[EXTRACTED RECORDS — start]

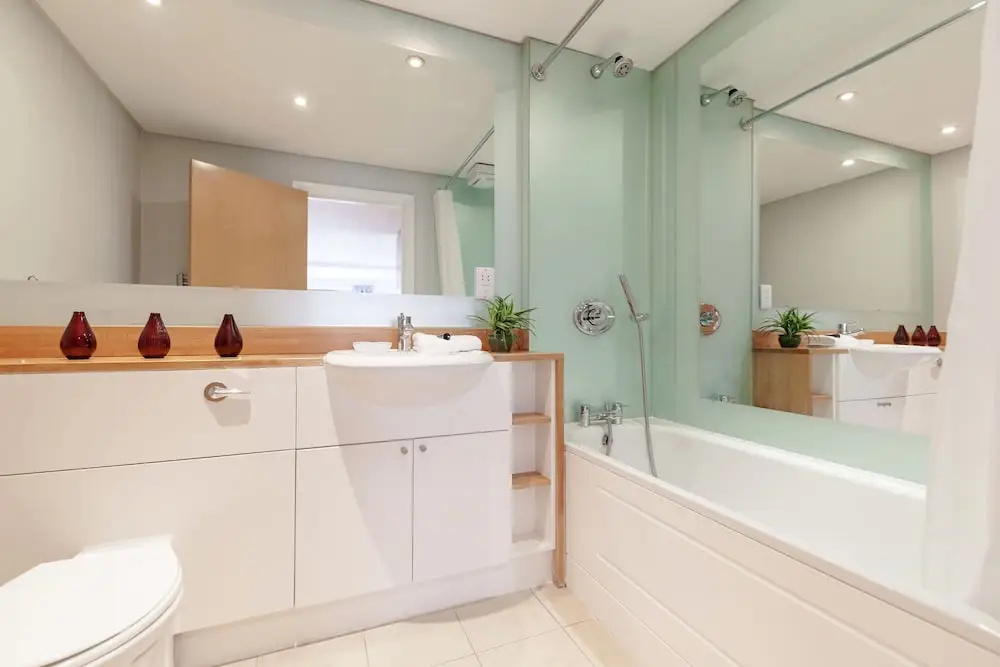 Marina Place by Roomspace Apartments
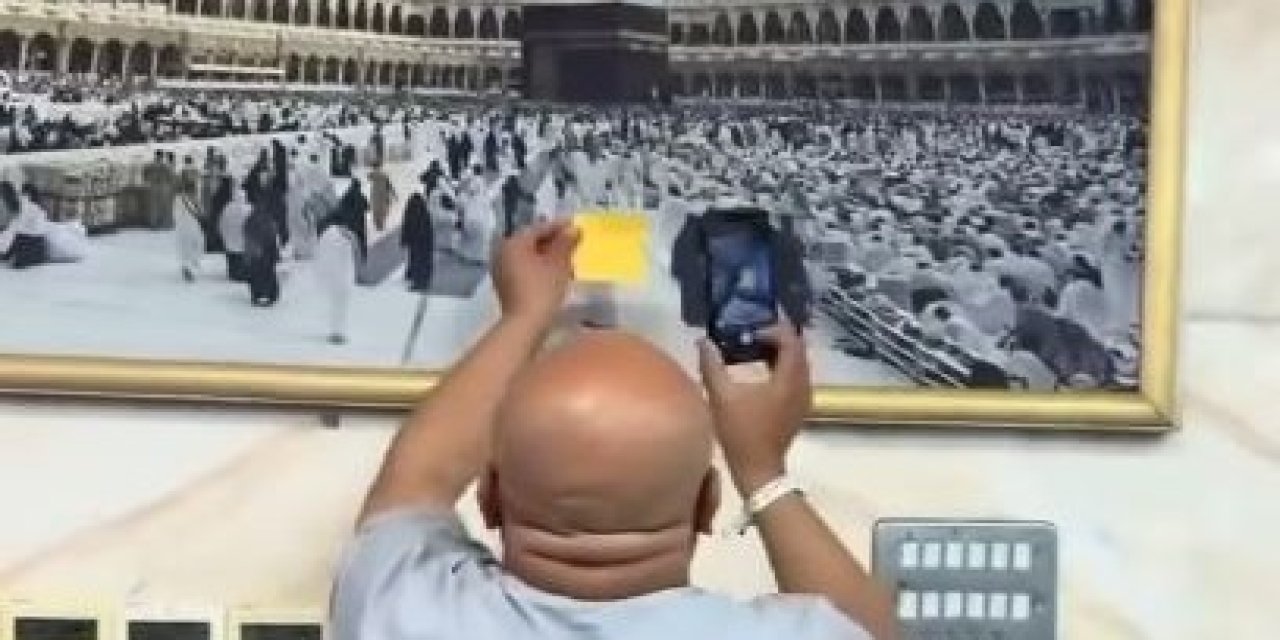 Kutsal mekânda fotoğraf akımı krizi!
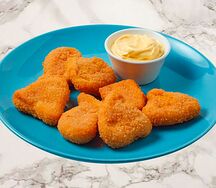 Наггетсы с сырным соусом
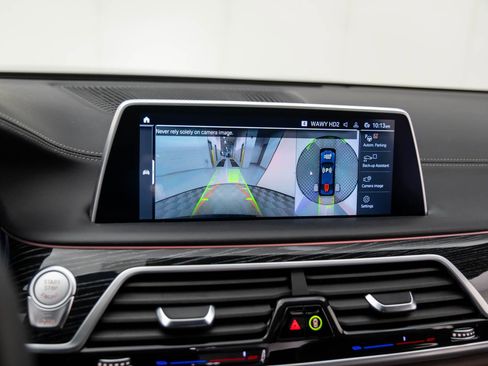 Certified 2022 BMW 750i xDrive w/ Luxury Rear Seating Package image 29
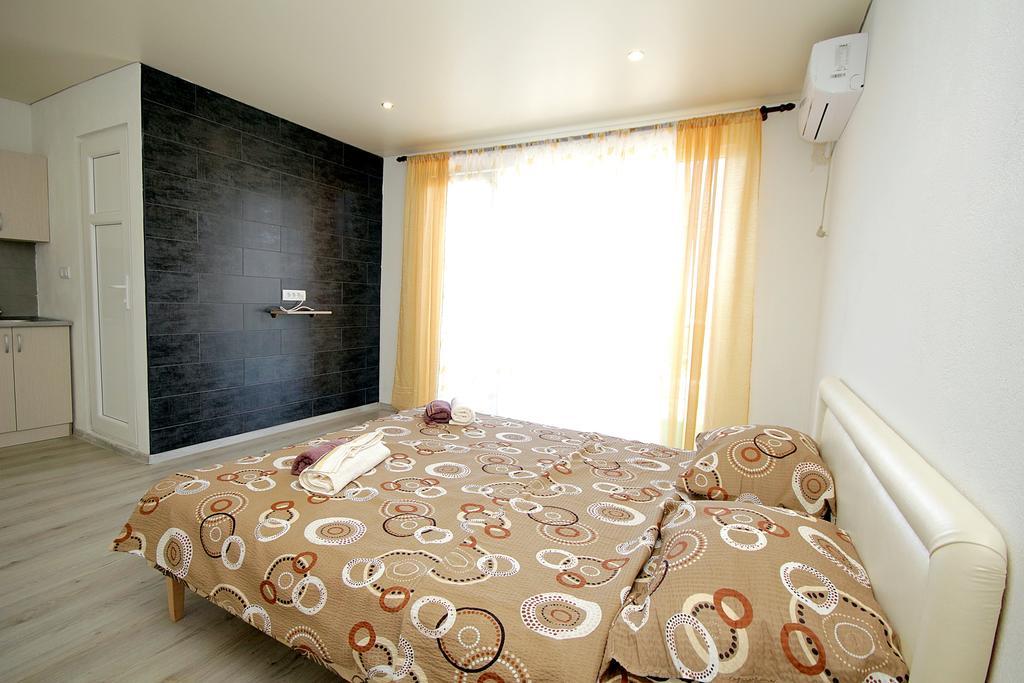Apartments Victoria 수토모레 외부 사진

[EXTRACTED RECORDS — finish]

* WORK TO COMPLETE
Please set down the lines above word for word and leave out the pictures.

* ANSWER FOR THIS EXERCISE
 Marina Place by Roomspace Apartments
 Kutsal mekânda fotoğraf akımı krizi!
 Наггетсы с сырным соусом
 Certified 2022 BMW 750i xDrive w/ Luxury Rear Seating Package image 29
Apartments Victoria 수토모레 외부 사진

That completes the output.